Selama ini, pemerintah berlindung di balik pasal 30 UU nomor 30 tahun 2007 tentang energi, yang berbunyi: “pengembangan dan pemanfaatan hasil penelitian tentang energi baru dan terbarukan dibiayai dari pendapatan negara yang berasal dari energi tak terbarukan.”

Menurut politisi PDIP Rieke Dyah Pitaloka, jika merujuk pada ketentuan tersebut, maka sumber pendanaan DKE harusnya berasal dari APBN. Karena itu, tidak dibenarkan mengutip uang dari rakyat.

“Silakan ambil dari pendapatan negara dari Pajak Migas sekarang ada Rp50 triliun, dan penghasilan negara bukan pajak dari Migas sekarang ada Rp95 triliun. Tidak boleh diambil dari penjualan BBM kepada rakyat,” jelasnya.

Karena itulah, anggota DPR yang terkenal kritis ini menuding kebijakan Menteri ESDM Sudirman Said itu bisa dikategorikan sebagai bentuk pungli.

Sementara itu, anggota Dewan Energi Nasional (DEN) dari unsur akademisi, Rinaldy Dalimi, menjelaskan bahwa pemerintah tidak bisa menjadikan Peraturan Pemerintah Nomor 79 Tahun 2014 tentang Kebijakan Energi Nasional (KEN) sebagai payung hukum pungutan DKE. Sebab, kata dia, mengacu pada beleid tersebut, premi pengurasan energi fosil dikenakan pada sektor hulu.

Sementara konsep DKE ini, jelas dia, premi dikenakan di sektor hilir, yang dalam hal ini adalah harga jual bahan bakar minyak (BBM). Padahal, BBM yang dikonsumsi tidak seluruhnya diperoleh dari hasil pengurasan energi fosil dalam negeri atau sebagian besar diperoleh secara impor.

“Oleh karena itu, pemerintah harus dengan tepat mendefinisikan dana ini dana apa?
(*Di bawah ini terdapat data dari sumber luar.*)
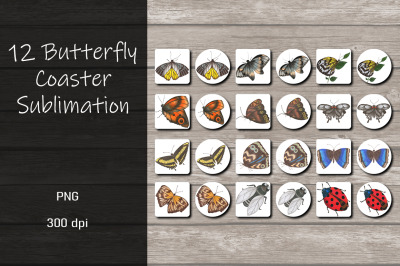 Butterfly Coaster Sublimation Design Bundle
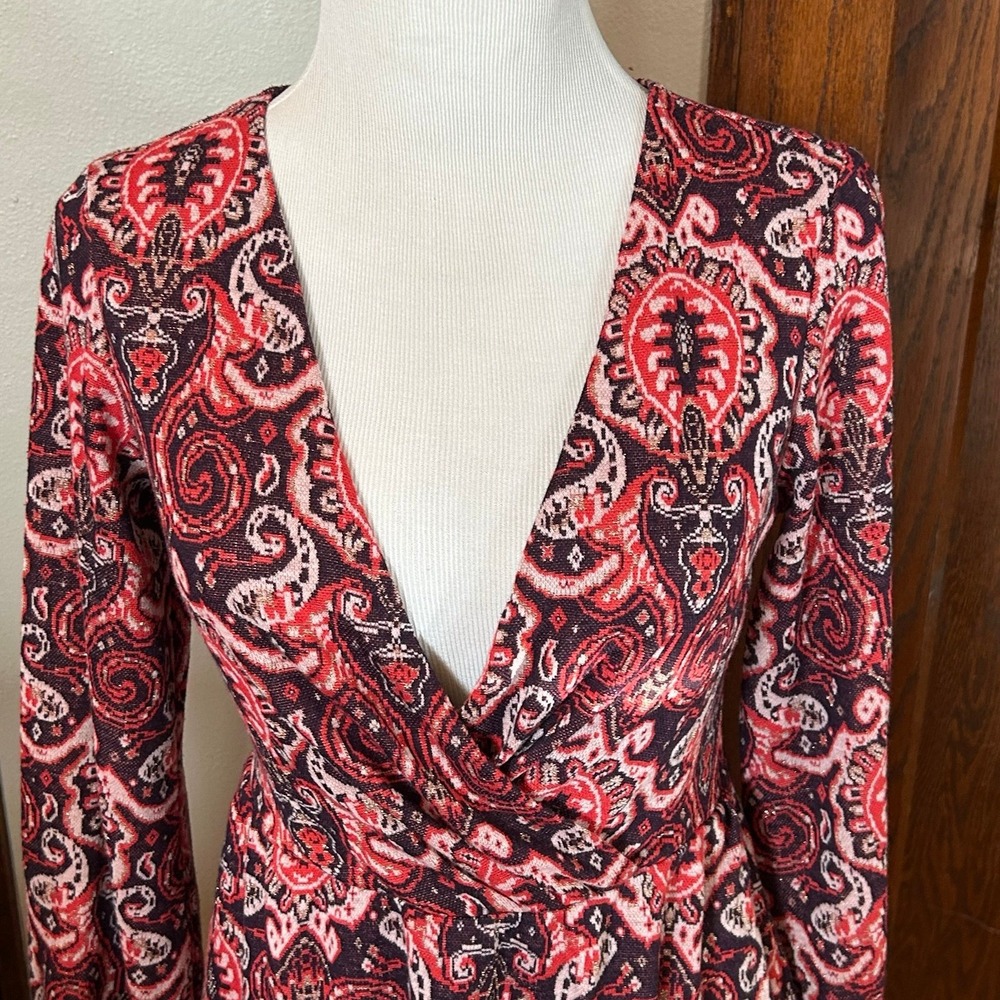 MAEVE by ANTHROPOLOGIE Paisley Dress Pink/Purple size Small - Picture 2 of 9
Apakah ini dana untuk menekan depletion rate? Kalau iya, tidak cocok (regulasinya). Kalau tidak dibuat aturannya, lalu dana ini untuk apa?” ujar Rinaldy.

Penjelasan soal DKE ini sendiri belum jelas. Di tubuh pemerintah juga belum satu kepala. Awalnya, Sudirman Said bilang, DKE ini bertujuan untuk untuk mendorong eksplorasi agar laju/tingkat deplesi (depletion rate) cadangan kita bisa ditekan. Selain itu, dana ini akan dipakai untuk membangun prasarana cadangan strategis serta energi berkelanjutan, yakni energi baru dan terbarukan (EBT).

Belakangan, Sudirman Said menjelaskan, sebagian dari dana DKE dipakai untuk membayar utang atas subsidi dan sebagian lagi untuk pembangunan infrastruktur listrik di daerah yang belum tersentuh oleh listrik.

“Ini kan bagian dari apa, iuran gitu. Jangan lupa sebagian untuk bayar utang karena sudah murah selama ini dan sebagian bantu saudara kita di 2.517 desa yang belum kebagian listrik,” kata Sudirman seperti dikutip vva.co.id, Selasa (29/12/2015).

Tetapi penjelasan Sudirman itu berbeda dengan penjelasan Wakil Presiden Jusuf Kalla. Menurut Jusuf Kalla, pungutan dana ketahanan energi sebagai bantalan jika harga bahan bakar naik dan tidak stabil. “Itu untuk menjaga supaya jangan ada turun naik terlalu jauh. Nanti kalau BBM naik tentu ada bantalannya,” jelasnya.

Sebelumnya juga, seperti dikutip dari situs Kementerian ESDM, DKE disamakan dengan Petroleum Fund. Nah, di berbagai negara yang menjalankan petroleum fund, seperti Norwegia dan Timor Leste, dananya berasal dari penerimaan negara di sektor migas yang disisihkan. Jadi, bukan dikutip dari rakyat.